Stored data —
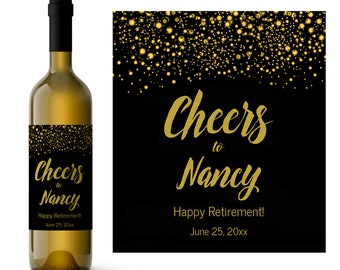 Cheers Gold Glitter Retirement Wine Label | Retirement Gift Idea | Unique Retirement Gift | Retirement Wine | Printed or Digital Download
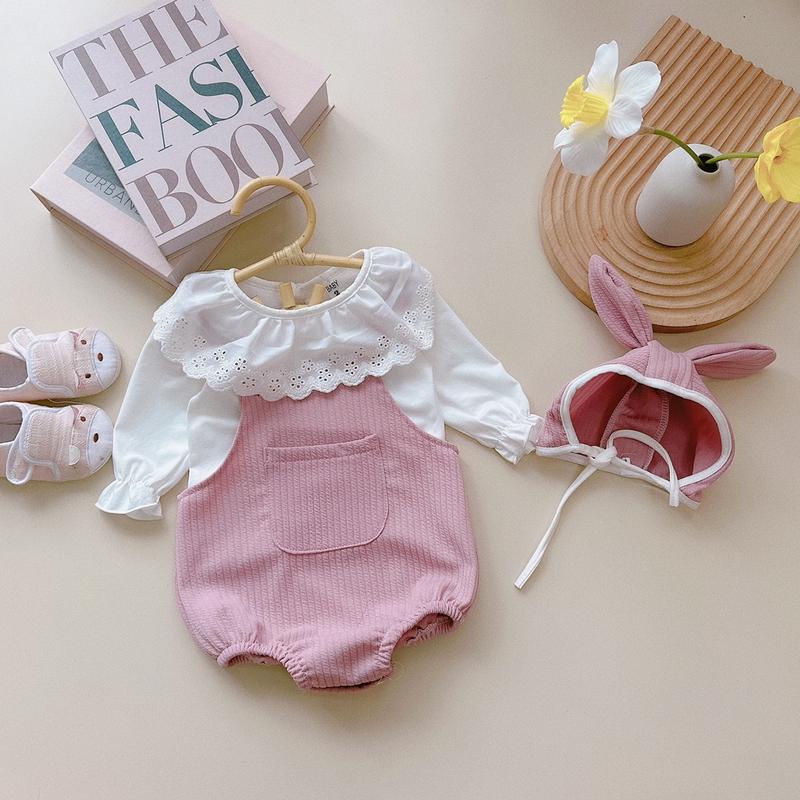 Body yếm xốp Gân áo cotton bèo cổ cho bé gái sơ sinh mặc thu đông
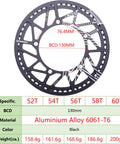 Universal Bike Chainring 52T 54T 56T 58T 60T 130mm BCD CNC Laser Engraved Aluminum Chain Guard For 6 To 12 Speed MTB Ebike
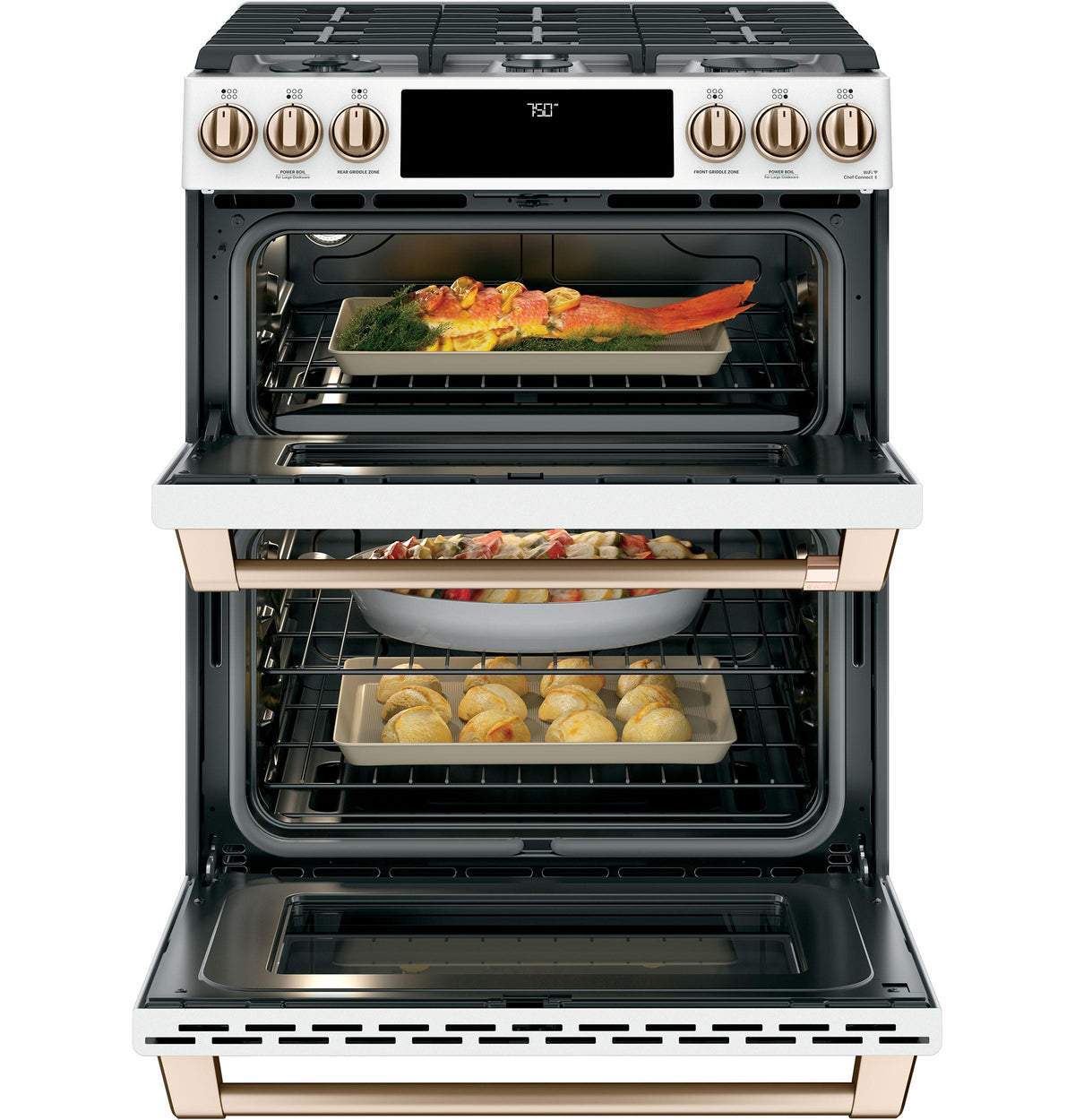 Café™ 30" Smart Slide-In, Front-Control, Gas Double-Oven Range with Convection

Your objective —
Return the data verbatim, leaving out the pictures it holds.

The completed task —
 Cheers Gold Glitter Retirement Wine Label | Retirement Gift Idea | Unique Retirement Gift | Retirement Wine | Printed or Digital Download
 Body yếm xốp Gân áo cotton bèo cổ cho bé gái sơ sinh mặc thu đông
 Universal Bike Chainring 52T 54T 56T 58T 60T 130mm BCD CNC Laser Engraved Aluminum Chain Guard For 6 To 12 Speed MTB Ebike
 Café™ 30" Smart Slide-In, Front-Control, Gas Double-Oven Range with Convection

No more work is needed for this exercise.